- [REQUIRED WORK]
Below is a listing with pictures. Repeat exactly the lines starting at the one holding "2013 Dodge Grand Caravan Se - zdjęcie 4" and going on through the one holding "昆布の旨みで手羽元グリル レシピ 作り方 By めーぷんぷい 楽天レシピ", and leave every picture out.

- [INPUT FOR THIS TASK]

--- START ---

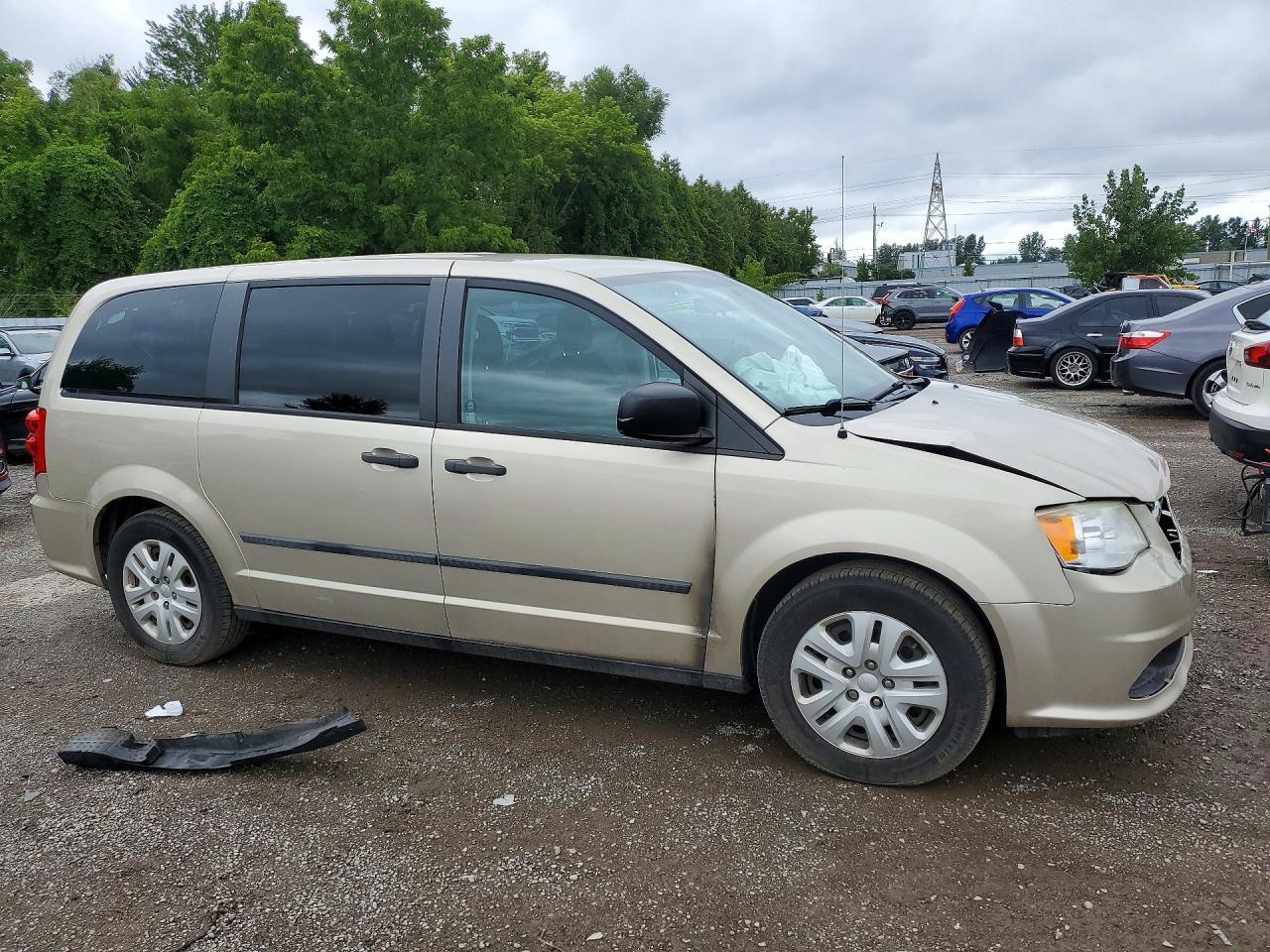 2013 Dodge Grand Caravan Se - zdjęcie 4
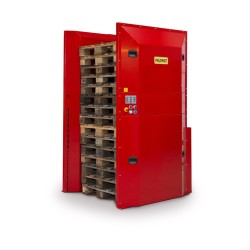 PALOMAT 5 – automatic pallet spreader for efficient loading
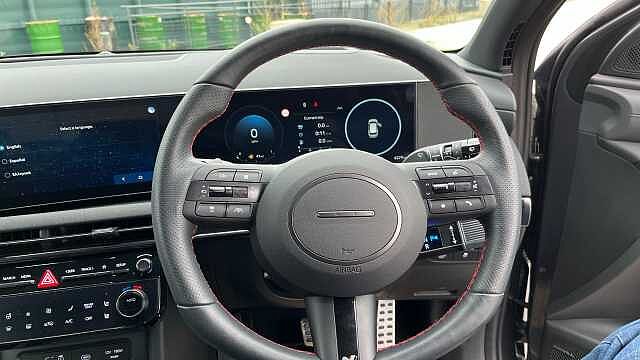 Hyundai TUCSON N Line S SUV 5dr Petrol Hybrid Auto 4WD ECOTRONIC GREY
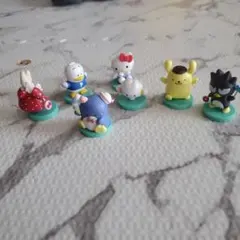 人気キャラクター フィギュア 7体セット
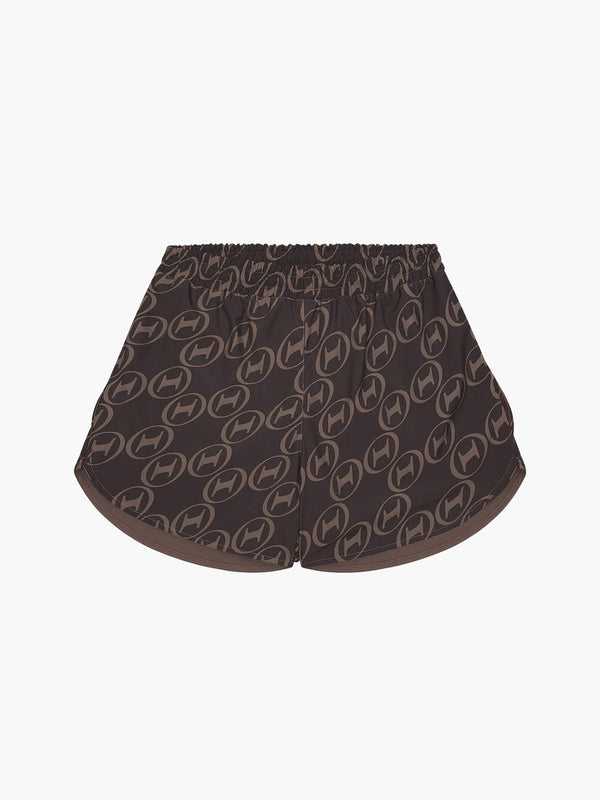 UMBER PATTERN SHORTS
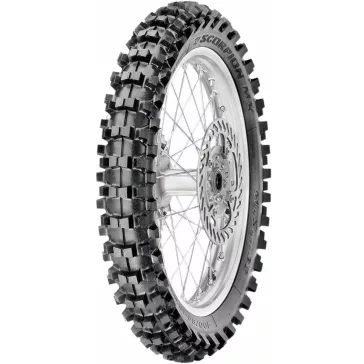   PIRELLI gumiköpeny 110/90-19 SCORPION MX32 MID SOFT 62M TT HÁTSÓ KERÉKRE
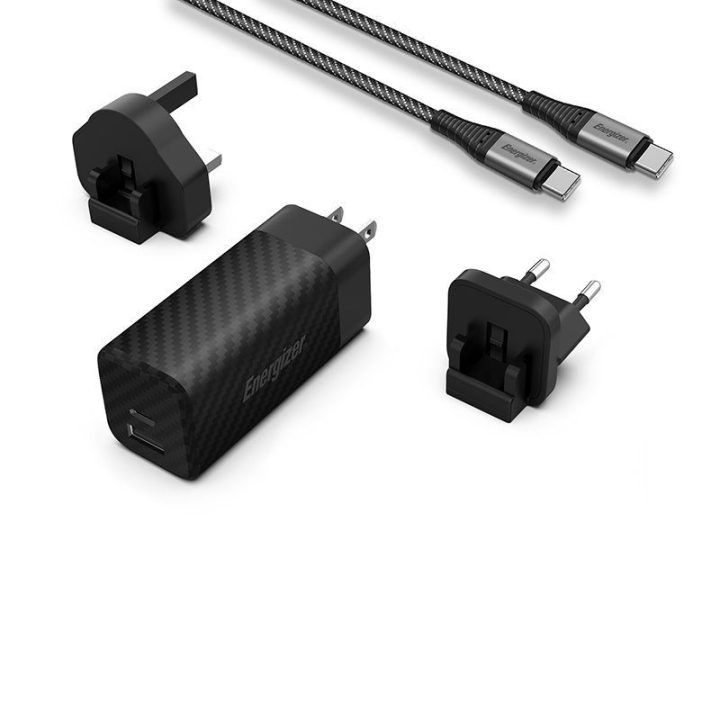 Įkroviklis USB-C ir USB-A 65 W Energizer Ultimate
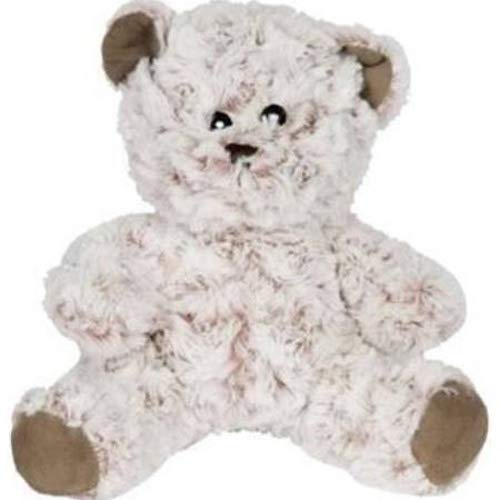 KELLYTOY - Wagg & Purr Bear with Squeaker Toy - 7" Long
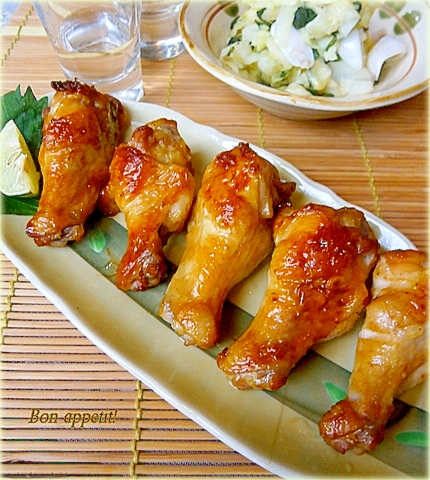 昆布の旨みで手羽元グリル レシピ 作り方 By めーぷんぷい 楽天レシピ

--- END ---
--- START ---

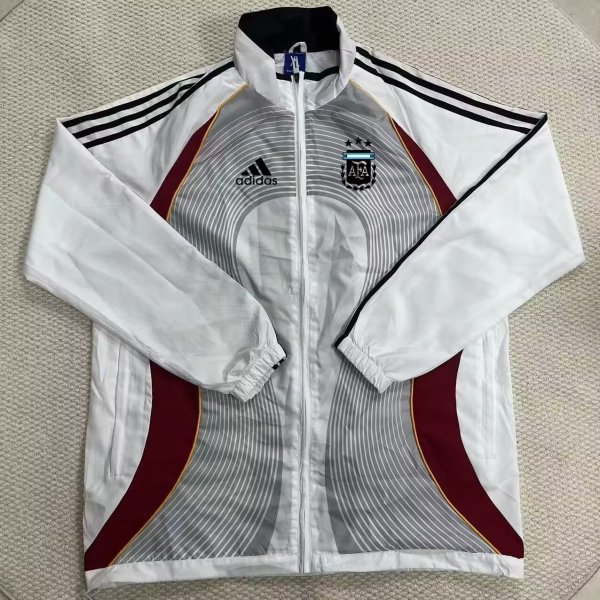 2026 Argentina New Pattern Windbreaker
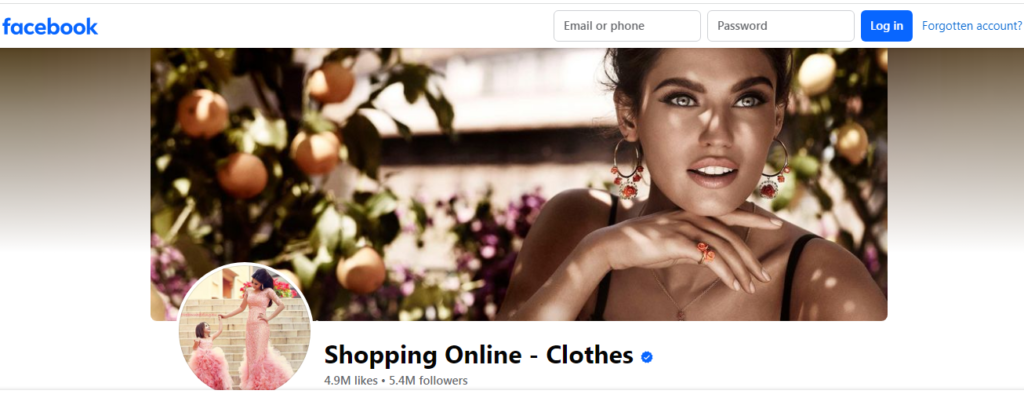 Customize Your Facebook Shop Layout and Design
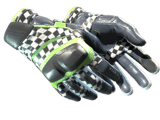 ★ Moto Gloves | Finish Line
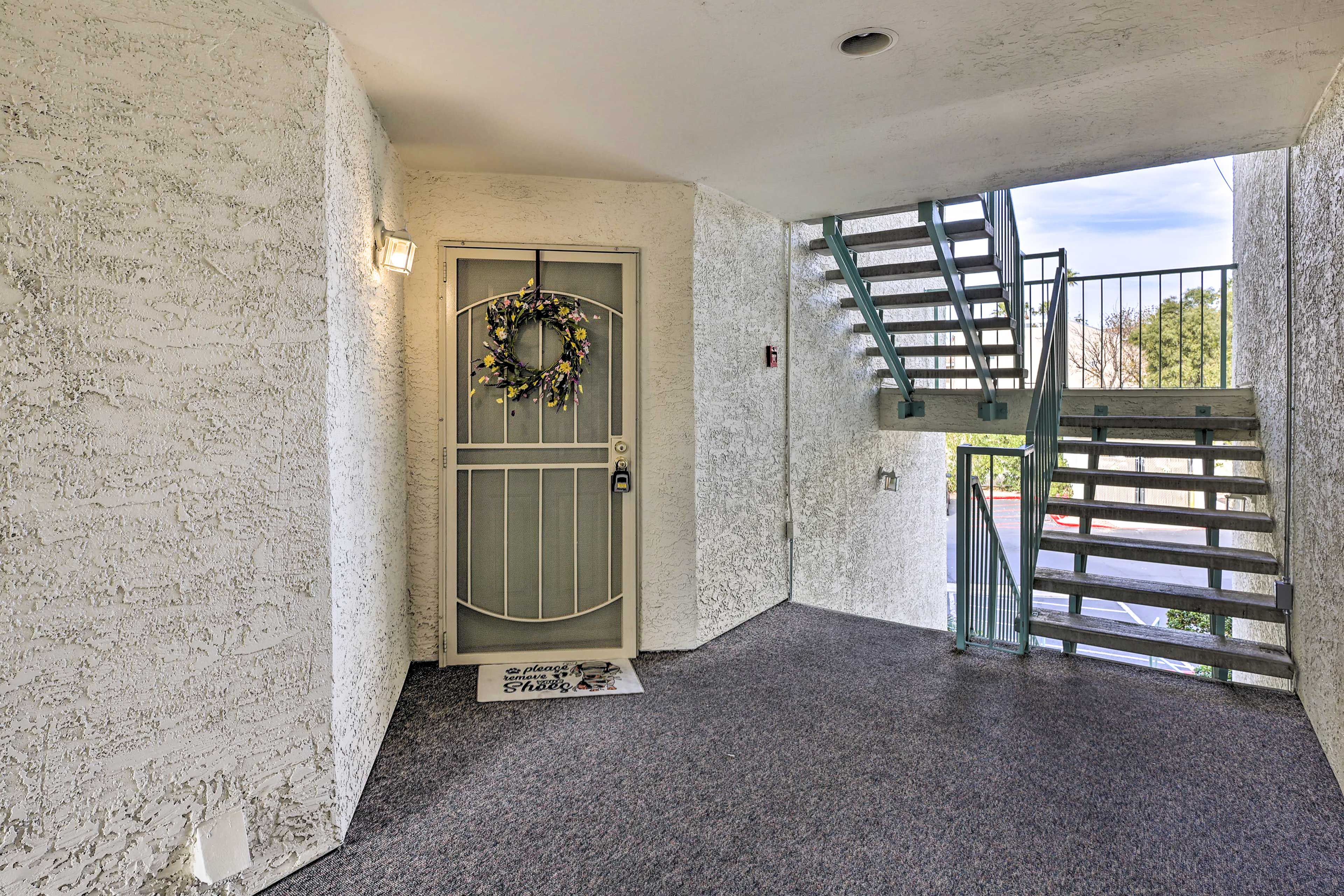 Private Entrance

--- END ---

- [RESPONSE]
 2013 Dodge Grand Caravan Se - zdjęcie 4
 PALOMAT 5 – automatic pallet spreader for efficient loading
 Hyundai TUCSON N Line S SUV 5dr Petrol Hybrid Auto 4WD ECOTRONIC GREY
 人気キャラクター フィギュア 7体セット
 UMBER PATTERN SHORTS
   PIRELLI gumiköpeny 110/90-19 SCORPION MX32 MID SOFT 62M TT HÁTSÓ KERÉKRE
 Įkroviklis USB-C ir USB-A 65 W Energizer Ultimate
 KELLYTOY - Wagg & Purr Bear with Squeaker Toy - 7" Long
 昆布の旨みで手羽元グリル レシピ 作り方 By めーぷんぷい 楽天レシピ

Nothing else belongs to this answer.